I took action before everything fell apart in a professional sense and I am proud of that action, writes JULIE HELEN in her weekly column in WoW!
Julie Helen: 'The call to accelerate action makes me wake up and think about what's next'

There is nothing huge or drastic about what I can do, but something I say or do might have a positive impact I know nothing about, writes Julie. 

This year’s International Women’s Day centres around the theme calling us to Accelerate Action.

It is a global call for us to band together to work on gender equality.

Focusing on the need to “Accelerate Action” emphasises the importance of taking swift and decisive steps to achieve gender equality. It calls for increased momentum and urgency in addressing the systemic barriers and biases that women face, both in personal and professional spheres.

When I see the words written down, they feel like lofty aspirations when we still see too few women in positions of power, either in business or professional spheres, or indeed in government in Ireland.

Our first step in taking any action is to believe that we can succeed and then to take that belief and turn it to action. I feel, having just reached 40 and in a phase of life where I am focusing on my family, I know I am in a sincere place of privilege.

I am in a household where I am valued as an equally contributing member in all that we do, but I’ll be honest, because I am not earnestly and full-time in the workforce at the moment, I have to continually remind myself that my role in our home and the role I play in supporting my husband and son in day to day life, contributes to the overall picture of our life together.

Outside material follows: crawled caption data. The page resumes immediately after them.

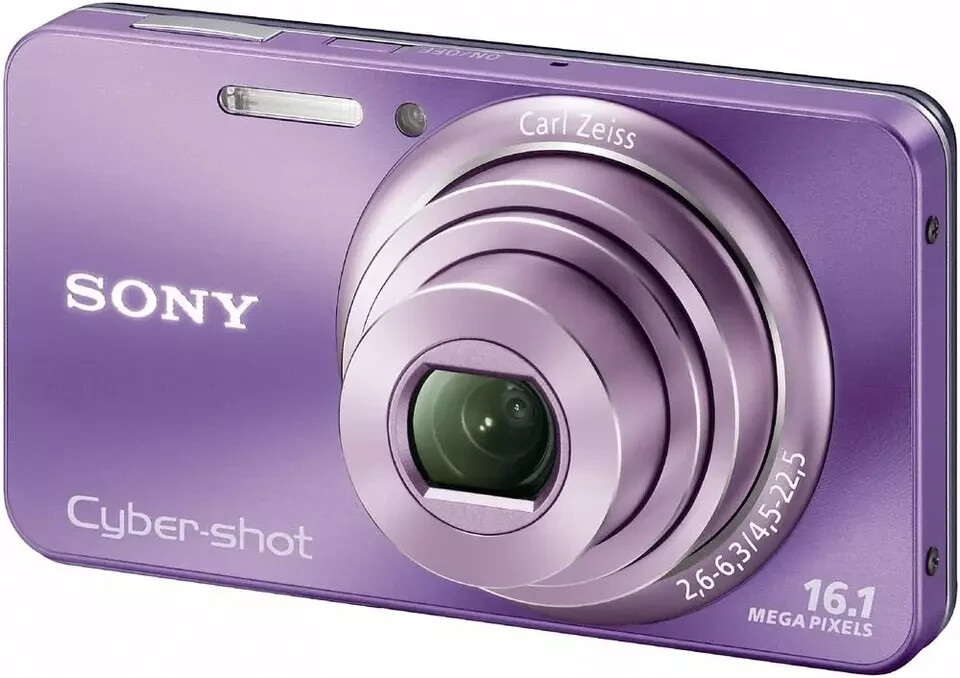 SONY Cyber-shot DSC-W570 Digital Camera 16.1 MP 5x Optical Zoom English Language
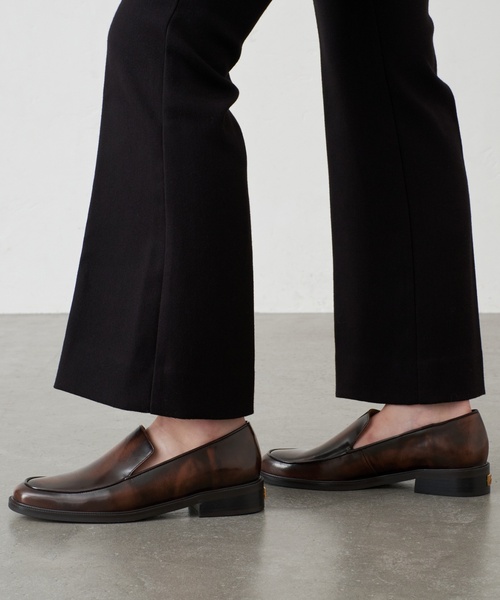 GRISEレザークラシックローファー　本革　新作 追加》GRISEレザークラシックローファー（ローファー）｜GRISE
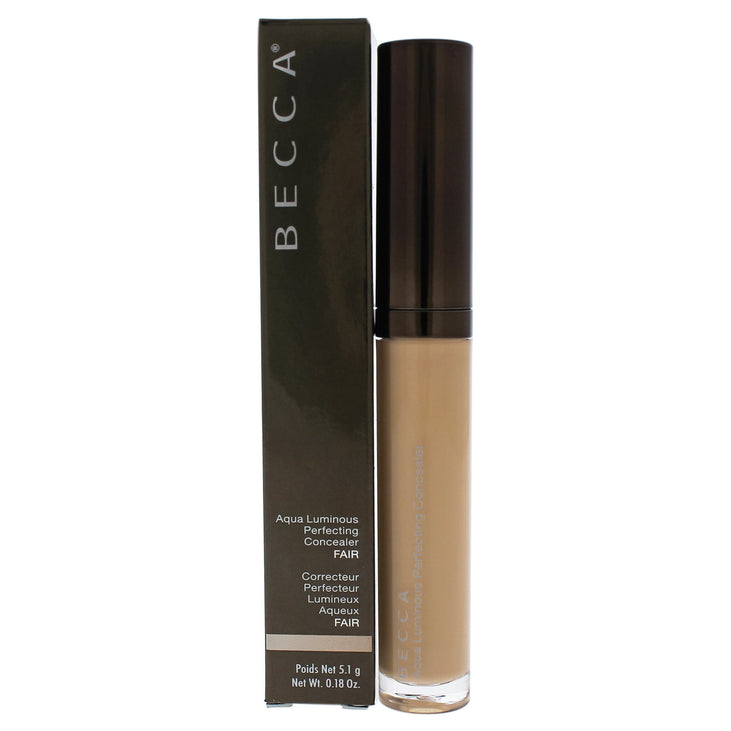 Aqua Luminous Perfecting Concealer - Fair by Becca for Women - 0.18 oz Concealer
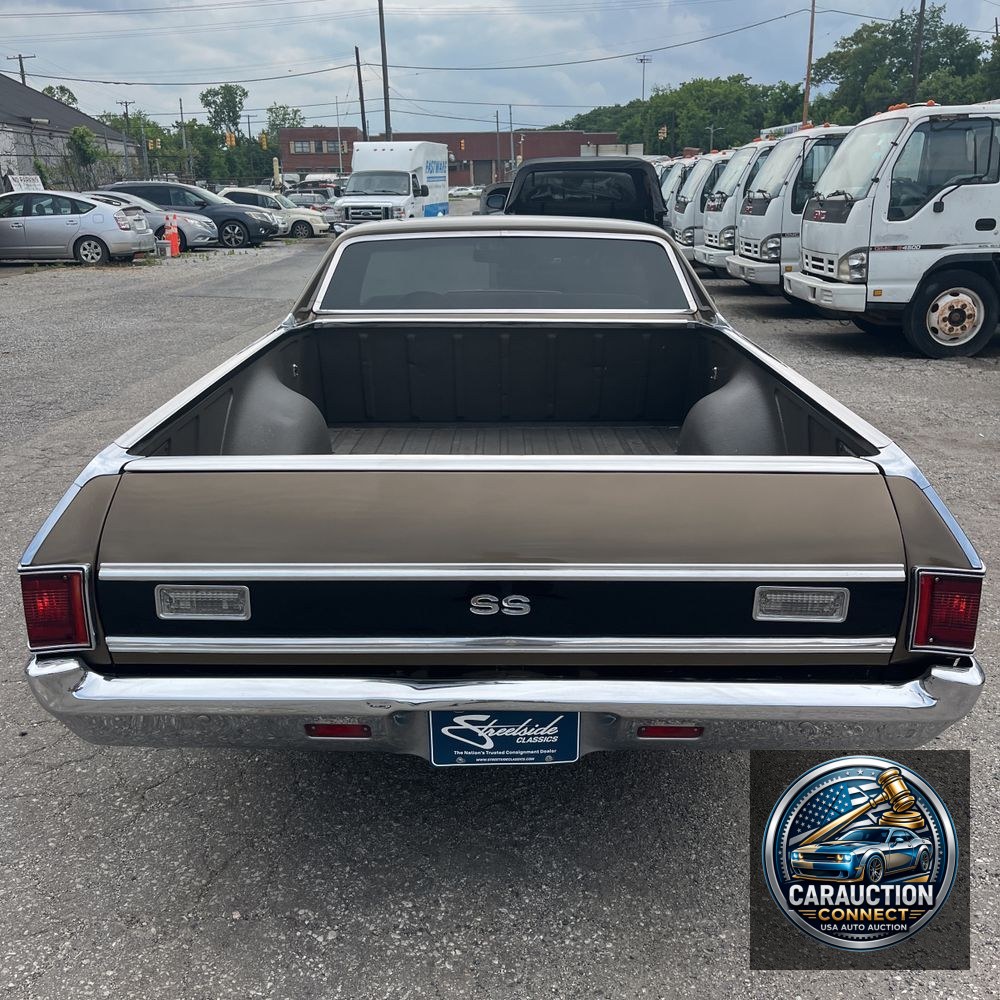 1972 Chevrolet  El Camino  SS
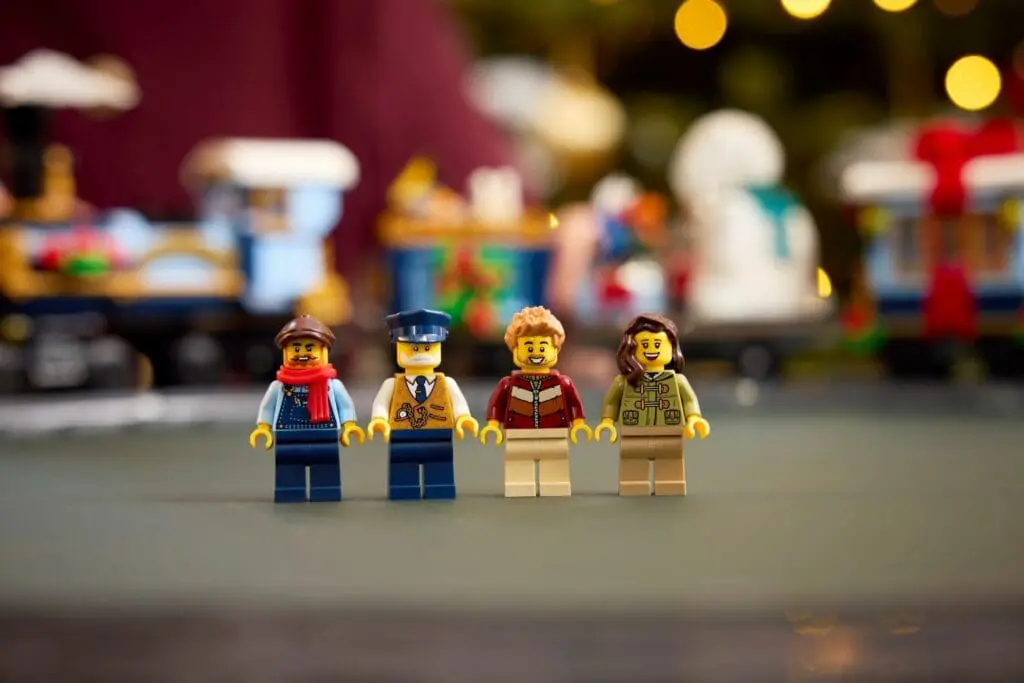 Group of Lego minifigures
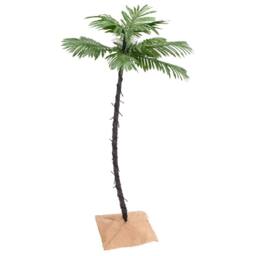 Berkfield Home LED Palm Tree Warm White 72 LEDs 120 cm - thumbnail 3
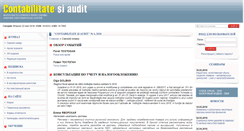 Desktop Screenshot of contabilitate.md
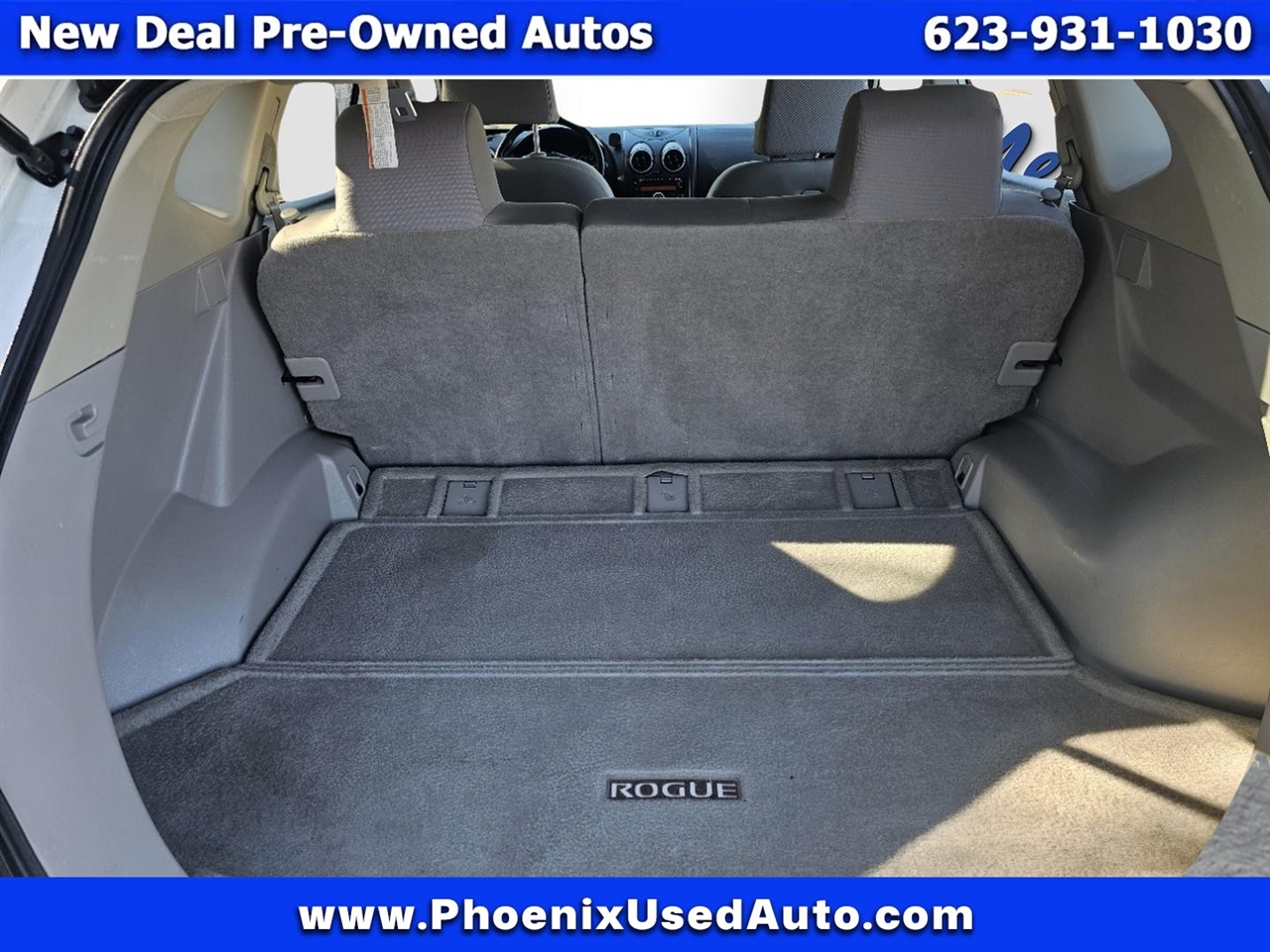 Nissan Rogue S AWD 2013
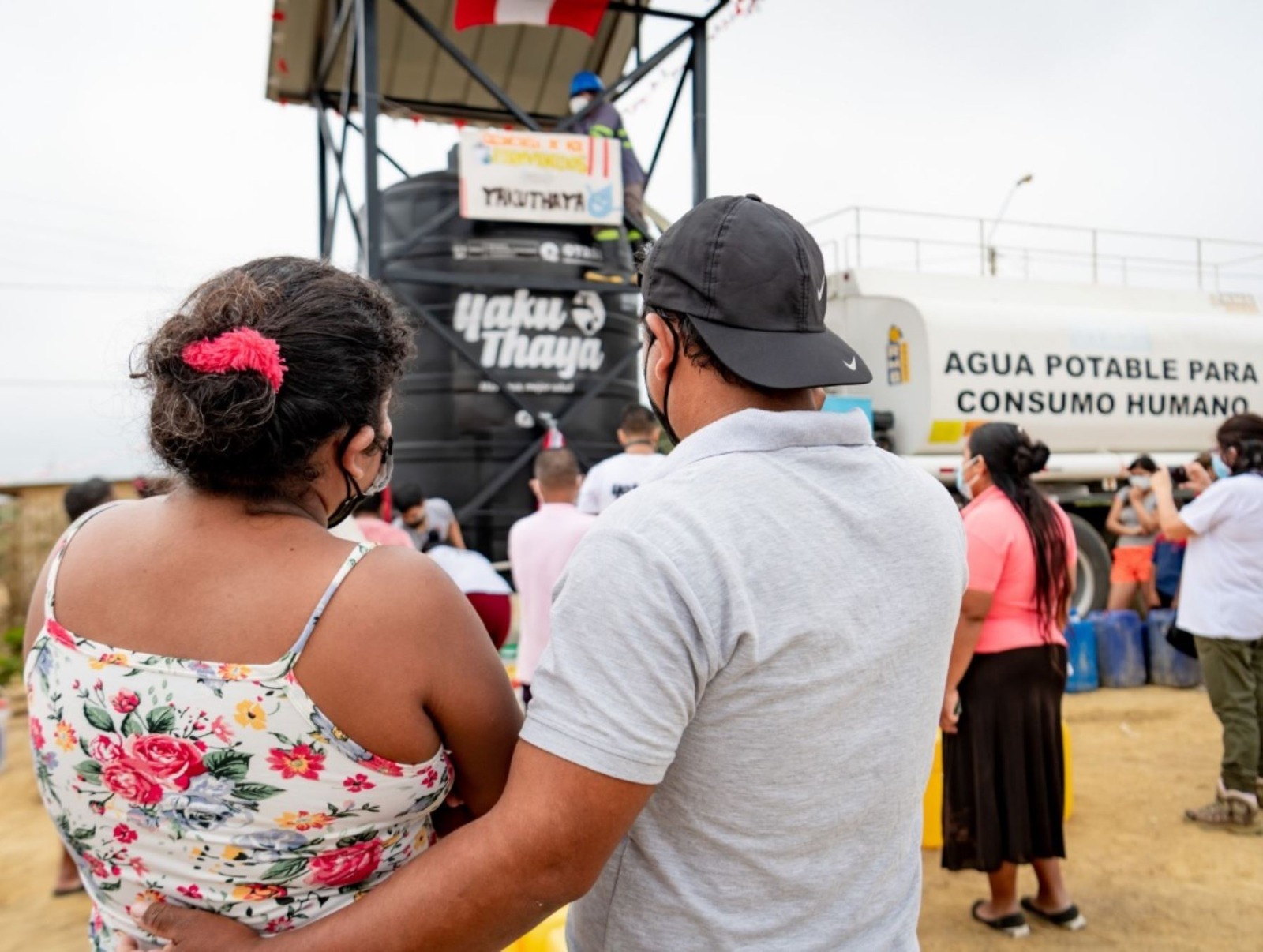 Ministerio de Vivienda aprueba estrategia “Yaku Thaya” para llevar agua a poblaciones vulnerables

At the crux of the matter, I don’t want other people raising our child, and we can economically make the choice that it can be me. We are lucky we can do that and I take my hat off to working parents. I couldn’t sustain both, I was run into the ground. I took action before everything fell apart in a professional sense and I am proud of that action.

I sometimes worry about how I will feel in 20 years’ time; will I regret stepping out of the workforce? Will I find the path back too hard? Will I lose myself in it all? When I think like that I think of my own Mum, who stepped out when we were children and successfully re-entered the workplace when we were teenagers, long before there were public conversations and supports for that to happen.

The call to accelerate action makes me wake up and be deliberate about what I do in the time that I step back from being an employee full time. I can keep my education and training up, I can keep my connections and stay active in my community. I also feel I have an important role in supporting other women around me. I can support those who are working, I can mind children, offer playdates, even something as small as leaving another driver out at a tricky junction when I am not in as much of a hurry during rush hour as other people might be. Something even that small might make a difference to somebody else.

I believe a way to accelerate my own action is to realise how I can consistently contribute to gender equality. I can build other women up, I can let them know that I can see their efforts, I can promote good service and support by women in business.

I can tell stories; I can use my words to encourage other people to take action in their own lives.

There is nothing huge or drastic about what I can do, but something I say or do might have a positive impact I know nothing about. So I will do little things each day to amplify and accelerate our gender equality action together.